__PROVIDED MATERIAL__.
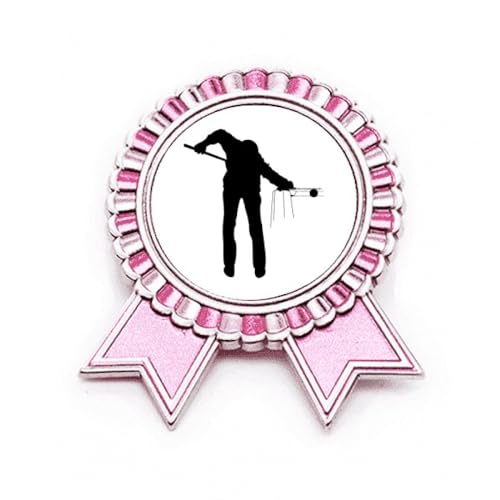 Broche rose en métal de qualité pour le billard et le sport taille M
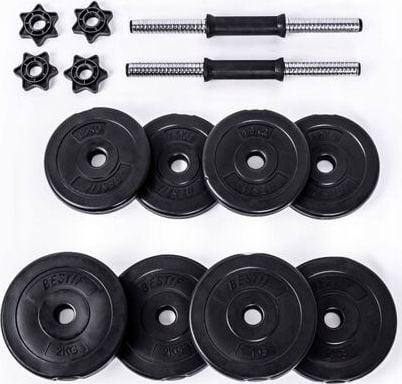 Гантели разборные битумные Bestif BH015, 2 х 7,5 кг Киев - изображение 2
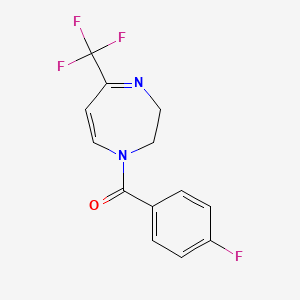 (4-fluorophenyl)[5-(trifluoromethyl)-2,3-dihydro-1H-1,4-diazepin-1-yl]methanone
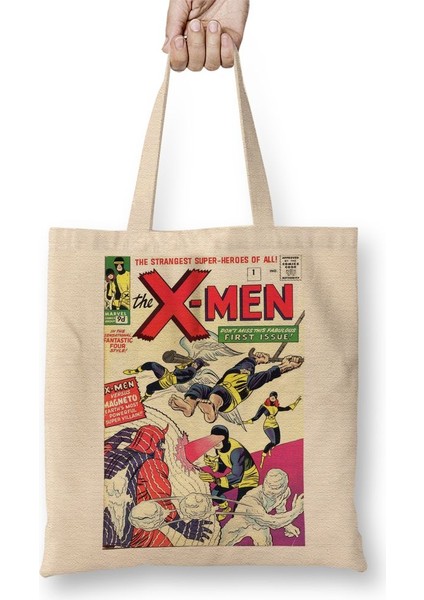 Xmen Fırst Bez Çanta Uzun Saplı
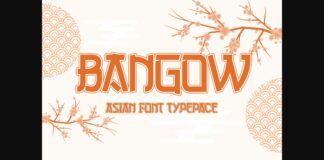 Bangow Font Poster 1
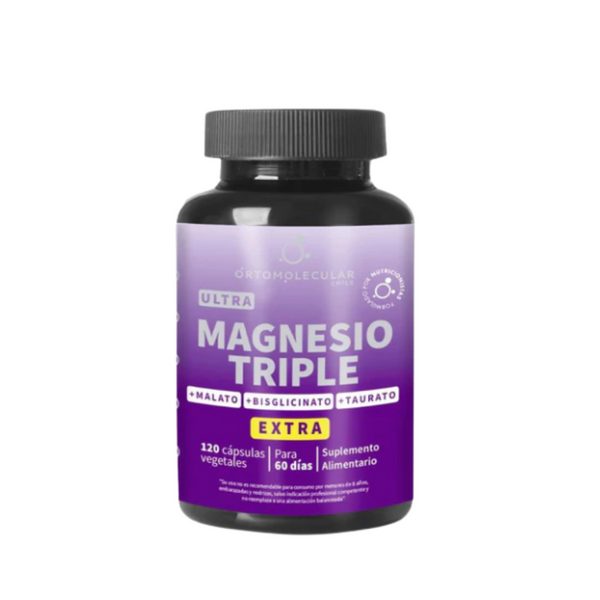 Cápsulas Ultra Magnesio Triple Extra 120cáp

__WHAT IS REQUIRED__. No image belongs in the copy. Transcribe the full listing verbatim.

__FINAL ANSWER__.
 Broche rose en métal de qualité pour le billard et le sport taille M
 Гантели разборные битумные Bestif BH015, 2 х 7,5 кг Киев - изображение 2
 (4-fluorophenyl)[5-(trifluoromethyl)-2,3-dihydro-1H-1,4-diazepin-1-yl]methanone
 Xmen Fırst Bez Çanta Uzun Saplı
 Bangow Font Poster 1
 Cápsulas Ultra Magnesio Triple Extra 120cáp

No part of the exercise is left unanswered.